Arise from the grave, oh two year old question!

I was wondering about the same thing, and many people will wonder, as this expression comes up when you calculate posterior in Gaussian process with first exponent being likelihood and the second being prior on the weights. I found this expression in p. 9 of the wonderful book Gaussian Processes for Machine Learning by Rasmussen and Williams and was annoyed that I can't see how to complete squares in multivariate case. If someone could give some intuition, I would be very happy!

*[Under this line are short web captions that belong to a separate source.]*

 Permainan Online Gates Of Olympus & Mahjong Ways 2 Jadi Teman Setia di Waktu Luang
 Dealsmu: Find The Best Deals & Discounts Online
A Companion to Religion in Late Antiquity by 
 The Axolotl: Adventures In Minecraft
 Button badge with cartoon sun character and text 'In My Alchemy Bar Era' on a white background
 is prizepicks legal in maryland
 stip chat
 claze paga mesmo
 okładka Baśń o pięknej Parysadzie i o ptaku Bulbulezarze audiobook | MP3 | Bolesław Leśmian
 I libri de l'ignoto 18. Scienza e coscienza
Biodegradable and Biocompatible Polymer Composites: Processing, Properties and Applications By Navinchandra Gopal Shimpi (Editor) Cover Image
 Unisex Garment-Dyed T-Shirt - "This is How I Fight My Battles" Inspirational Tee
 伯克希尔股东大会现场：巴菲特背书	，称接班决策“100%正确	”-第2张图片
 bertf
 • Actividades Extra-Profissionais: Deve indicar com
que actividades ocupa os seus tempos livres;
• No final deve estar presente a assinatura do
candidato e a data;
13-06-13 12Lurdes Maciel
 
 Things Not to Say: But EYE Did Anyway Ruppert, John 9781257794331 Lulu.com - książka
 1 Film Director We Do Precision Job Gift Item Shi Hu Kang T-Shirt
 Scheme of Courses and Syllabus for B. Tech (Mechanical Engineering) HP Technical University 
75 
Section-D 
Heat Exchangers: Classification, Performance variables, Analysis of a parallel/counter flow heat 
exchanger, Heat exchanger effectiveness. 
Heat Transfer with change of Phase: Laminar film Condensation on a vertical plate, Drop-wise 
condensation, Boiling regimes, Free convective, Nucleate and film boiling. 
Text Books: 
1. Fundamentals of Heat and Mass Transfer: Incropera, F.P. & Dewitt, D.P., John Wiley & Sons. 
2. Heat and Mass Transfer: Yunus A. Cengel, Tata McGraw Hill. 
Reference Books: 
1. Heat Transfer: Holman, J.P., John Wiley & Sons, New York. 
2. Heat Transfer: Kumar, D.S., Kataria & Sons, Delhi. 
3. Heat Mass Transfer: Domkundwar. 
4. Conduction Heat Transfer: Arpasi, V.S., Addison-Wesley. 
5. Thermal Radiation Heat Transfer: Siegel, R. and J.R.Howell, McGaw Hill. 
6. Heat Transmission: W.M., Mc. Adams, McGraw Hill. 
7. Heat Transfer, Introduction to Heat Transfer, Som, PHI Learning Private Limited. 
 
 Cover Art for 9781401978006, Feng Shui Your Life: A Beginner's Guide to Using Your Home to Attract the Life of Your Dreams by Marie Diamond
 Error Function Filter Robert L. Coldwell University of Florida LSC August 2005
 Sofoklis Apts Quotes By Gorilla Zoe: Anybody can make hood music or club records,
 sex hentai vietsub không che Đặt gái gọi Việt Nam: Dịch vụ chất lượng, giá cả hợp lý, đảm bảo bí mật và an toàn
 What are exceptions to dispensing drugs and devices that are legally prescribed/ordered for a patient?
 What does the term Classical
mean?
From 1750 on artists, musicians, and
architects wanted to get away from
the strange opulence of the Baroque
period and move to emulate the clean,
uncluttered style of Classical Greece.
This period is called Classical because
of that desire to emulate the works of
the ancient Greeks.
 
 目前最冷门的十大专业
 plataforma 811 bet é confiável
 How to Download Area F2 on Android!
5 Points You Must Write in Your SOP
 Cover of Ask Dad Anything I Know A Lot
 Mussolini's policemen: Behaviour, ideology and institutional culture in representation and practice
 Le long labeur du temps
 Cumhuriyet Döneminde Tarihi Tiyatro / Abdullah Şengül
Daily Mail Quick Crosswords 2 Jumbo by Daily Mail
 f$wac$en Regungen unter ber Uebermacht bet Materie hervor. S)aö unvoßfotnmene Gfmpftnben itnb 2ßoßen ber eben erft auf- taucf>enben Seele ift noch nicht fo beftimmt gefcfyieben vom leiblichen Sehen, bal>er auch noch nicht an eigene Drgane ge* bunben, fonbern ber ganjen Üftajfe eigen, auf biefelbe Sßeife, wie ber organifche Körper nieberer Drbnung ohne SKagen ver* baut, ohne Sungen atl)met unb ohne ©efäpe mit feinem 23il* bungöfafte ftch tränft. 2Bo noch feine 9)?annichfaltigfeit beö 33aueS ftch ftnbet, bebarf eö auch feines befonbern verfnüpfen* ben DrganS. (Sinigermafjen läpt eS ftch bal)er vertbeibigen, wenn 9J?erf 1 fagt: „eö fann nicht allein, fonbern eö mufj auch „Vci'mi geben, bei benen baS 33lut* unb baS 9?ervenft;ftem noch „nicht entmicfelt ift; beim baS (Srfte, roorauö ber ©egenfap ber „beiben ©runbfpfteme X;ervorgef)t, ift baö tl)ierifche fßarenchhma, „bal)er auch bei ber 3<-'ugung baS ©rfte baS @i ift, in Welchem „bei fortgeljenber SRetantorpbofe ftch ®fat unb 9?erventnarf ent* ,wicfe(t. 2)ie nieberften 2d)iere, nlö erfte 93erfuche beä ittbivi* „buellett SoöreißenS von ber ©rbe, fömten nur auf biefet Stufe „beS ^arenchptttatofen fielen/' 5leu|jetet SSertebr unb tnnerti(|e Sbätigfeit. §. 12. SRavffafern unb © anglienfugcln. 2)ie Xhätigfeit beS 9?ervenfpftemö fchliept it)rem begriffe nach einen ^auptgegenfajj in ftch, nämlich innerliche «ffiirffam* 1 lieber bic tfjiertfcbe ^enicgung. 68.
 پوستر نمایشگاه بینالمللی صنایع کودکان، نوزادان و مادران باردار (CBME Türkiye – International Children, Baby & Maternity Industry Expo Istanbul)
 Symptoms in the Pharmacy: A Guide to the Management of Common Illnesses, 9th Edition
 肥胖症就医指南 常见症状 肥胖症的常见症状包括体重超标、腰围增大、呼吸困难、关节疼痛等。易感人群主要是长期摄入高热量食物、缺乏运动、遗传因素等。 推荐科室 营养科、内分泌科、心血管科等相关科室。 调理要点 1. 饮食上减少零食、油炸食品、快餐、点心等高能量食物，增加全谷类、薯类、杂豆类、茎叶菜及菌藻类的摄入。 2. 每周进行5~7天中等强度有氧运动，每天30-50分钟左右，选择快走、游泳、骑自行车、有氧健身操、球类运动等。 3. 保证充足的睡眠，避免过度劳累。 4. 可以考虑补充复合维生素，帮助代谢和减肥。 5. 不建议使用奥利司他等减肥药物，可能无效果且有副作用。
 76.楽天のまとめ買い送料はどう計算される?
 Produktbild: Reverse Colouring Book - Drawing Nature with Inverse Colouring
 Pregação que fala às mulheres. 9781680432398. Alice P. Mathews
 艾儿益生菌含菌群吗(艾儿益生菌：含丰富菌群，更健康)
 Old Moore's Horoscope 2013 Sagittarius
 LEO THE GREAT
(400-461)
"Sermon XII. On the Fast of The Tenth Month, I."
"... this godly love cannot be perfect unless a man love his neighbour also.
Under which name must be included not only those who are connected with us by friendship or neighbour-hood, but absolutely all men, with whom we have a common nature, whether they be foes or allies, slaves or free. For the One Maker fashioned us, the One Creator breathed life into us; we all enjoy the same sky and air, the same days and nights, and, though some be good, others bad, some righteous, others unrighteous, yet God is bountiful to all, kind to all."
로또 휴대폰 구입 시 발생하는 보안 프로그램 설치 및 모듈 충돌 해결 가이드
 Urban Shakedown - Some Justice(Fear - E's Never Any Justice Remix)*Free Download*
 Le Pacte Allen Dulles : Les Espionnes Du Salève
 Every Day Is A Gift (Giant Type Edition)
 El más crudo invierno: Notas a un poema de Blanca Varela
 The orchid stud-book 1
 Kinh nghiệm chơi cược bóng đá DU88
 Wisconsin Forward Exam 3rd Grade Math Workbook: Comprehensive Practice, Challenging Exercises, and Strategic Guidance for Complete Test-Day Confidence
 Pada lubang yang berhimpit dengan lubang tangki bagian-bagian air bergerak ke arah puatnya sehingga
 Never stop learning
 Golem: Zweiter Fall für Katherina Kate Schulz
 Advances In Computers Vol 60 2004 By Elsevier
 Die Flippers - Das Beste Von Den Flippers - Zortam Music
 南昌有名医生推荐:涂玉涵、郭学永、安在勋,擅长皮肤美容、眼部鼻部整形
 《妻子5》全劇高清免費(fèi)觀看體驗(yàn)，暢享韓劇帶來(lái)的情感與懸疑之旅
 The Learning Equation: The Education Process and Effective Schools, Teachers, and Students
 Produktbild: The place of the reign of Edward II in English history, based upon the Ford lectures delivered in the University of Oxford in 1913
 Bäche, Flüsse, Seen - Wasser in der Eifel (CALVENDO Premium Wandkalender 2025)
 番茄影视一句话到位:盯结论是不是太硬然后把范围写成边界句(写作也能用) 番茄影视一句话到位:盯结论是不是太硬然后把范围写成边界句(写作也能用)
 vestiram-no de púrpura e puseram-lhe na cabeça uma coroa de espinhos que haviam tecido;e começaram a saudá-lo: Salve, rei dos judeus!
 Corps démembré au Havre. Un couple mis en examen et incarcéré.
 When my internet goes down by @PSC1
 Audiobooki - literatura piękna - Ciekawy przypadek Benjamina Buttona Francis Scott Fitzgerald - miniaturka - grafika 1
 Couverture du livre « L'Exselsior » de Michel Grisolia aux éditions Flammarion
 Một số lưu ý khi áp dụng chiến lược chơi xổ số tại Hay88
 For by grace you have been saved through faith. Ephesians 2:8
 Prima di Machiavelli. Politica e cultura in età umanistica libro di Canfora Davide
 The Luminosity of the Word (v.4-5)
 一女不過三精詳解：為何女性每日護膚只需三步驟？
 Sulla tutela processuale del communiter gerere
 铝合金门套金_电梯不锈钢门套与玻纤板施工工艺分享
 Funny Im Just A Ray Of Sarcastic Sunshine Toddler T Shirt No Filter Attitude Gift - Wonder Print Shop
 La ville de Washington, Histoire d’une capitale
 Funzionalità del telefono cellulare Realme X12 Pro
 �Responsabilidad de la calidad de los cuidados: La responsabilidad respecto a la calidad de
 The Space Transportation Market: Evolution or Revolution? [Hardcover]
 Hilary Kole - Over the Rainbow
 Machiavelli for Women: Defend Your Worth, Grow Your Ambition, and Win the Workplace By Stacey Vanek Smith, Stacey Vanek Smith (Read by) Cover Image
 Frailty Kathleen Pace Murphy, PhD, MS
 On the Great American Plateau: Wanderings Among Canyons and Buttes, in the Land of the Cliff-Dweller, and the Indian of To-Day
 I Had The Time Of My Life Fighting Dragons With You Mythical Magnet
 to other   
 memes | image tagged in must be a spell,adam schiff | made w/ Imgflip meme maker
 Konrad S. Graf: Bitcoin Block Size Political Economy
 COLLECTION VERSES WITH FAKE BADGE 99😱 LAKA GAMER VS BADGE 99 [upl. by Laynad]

Meanwhile, for this answer to be of any use, let me show you a trick I came up with: from the Gaussian prior and Gaussian likelihood we expect Gaussian posterior. Gaussian posterior will have the form $$ e^{-\frac{1}{2}(w - \bar w)^T\Sigma\ (w-\bar w)} $$ with $\bar w$ beeing the mean and $\Sigma$ the covariance matrix. In order to find the mean, we take the derivative of the exponent in the question (there is one transposition missing in victor's post) $$ \left(\frac{1}{\sigma_n^2} (y - X^Tw)^T(y-X^Tw) + w^T\Sigma^{-1}w\right)'_w = \frac{-2}{\sigma_n^2}(y-X^Tw)^TX^T + 2w^T\Sigma^{-1}, $$ and equate it to zero. Solving for $w$ we recover the $\bar w = \sigma_n^{-2}(\sigma_n^{-2}XX^T + \Sigma^{-1})^{-1}$ part.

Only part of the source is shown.